In [1]:
from torch.utils.data import Dataset
from torch import Tensor
import numpy as np
import pandas as pd

class LandmarkDataset(Dataset):
    def __init__(self, landmark_file, label_file, label_vec_file):
        super().__init__()
        self.landmarks = np.load(landmark_file)
        self.labels = pd.read_json(label_file)[["gloss"]]
        self.label_vec = np.load(label_vec_file)
    
    def __len__(self):
        return len(self.labels)
    
    def __getitem__(self, index):
        landmarks = Tensor(self.landmarks.get(str(index)))
        word = self.labels.loc[index].iloc[0]
        word_vec = Tensor(self.label_vec.get(word))
        return landmarks, word, word_vec
    
ds = LandmarkDataset("landmarks_V2.npz", "WLASL_parsed_data.json", "word_vec.npz")
val, word, word_vec = ds[2]
val.shape

torch.Size([68, 48, 3])

In [None]:
# Code for encoding the labels
# import numpy as np
# import pandas as pd
# import fasttext

# labels = pd.read_json("WLASL_parsed_data.json").loc[:, "gloss"]
# fasttext.util.download_model('en', if_exists='ignore')
# ft = fasttext.load_model('cc.en.300.bin')
# encoded_labels = {label: ft.get_word_vector(label) for label in labels}
# np.savez_compressed("word_vec.npz", **encoded_labels)

In [None]:
import torch
from sklearn.model_selection import train_test_split
import torch.nn.utils.rnn as rnn_utils
from torch.utils.data import Subset, DataLoader

TEST_SIZE = 0.2
BATCH_SIZE = 32
SEED = 10
DEVICE = "cuda" if torch.cuda.is_available() else "cpu"

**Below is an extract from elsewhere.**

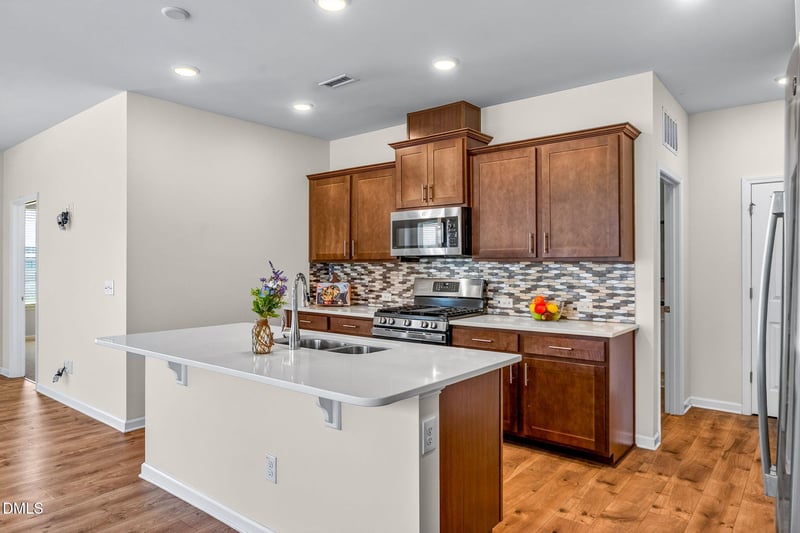 609 Crestdale Dr, Clayton, NC 27520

train_i, test_i = train_test_split(
    range(len(ds)),
    stratify=ds.labels,
    test_size=TEST_SIZE,
    random_state=SEED
    )

torch.manual_seed(SEED)

train_split = Subset(ds, train_i)
test_split = Subset(ds, test_i)

def collate(batch):
    batch.sort(key=lambda x: x[0].shape[0], reverse=True)
    
    landmarks, words, word_vecs = zip(*batch)
    lengths = [len(lm) for lm in landmarks]

    padded_landmarks = rnn_utils.pad_sequence(landmarks).to(DEVICE)
    word_vecs = torch.stack(word_vecs).to(DEVICE)
    
    return \
        padded_landmarks, \
        lengths, \
        list(words), \
        word_vecs

train_batches = DataLoader(train_split, batch_size=BATCH_SIZE, shuffle=True, collate_fn=collate)
test_batches = DataLoader(test_split, batch_size=BATCH_SIZE, collate_fn=collate)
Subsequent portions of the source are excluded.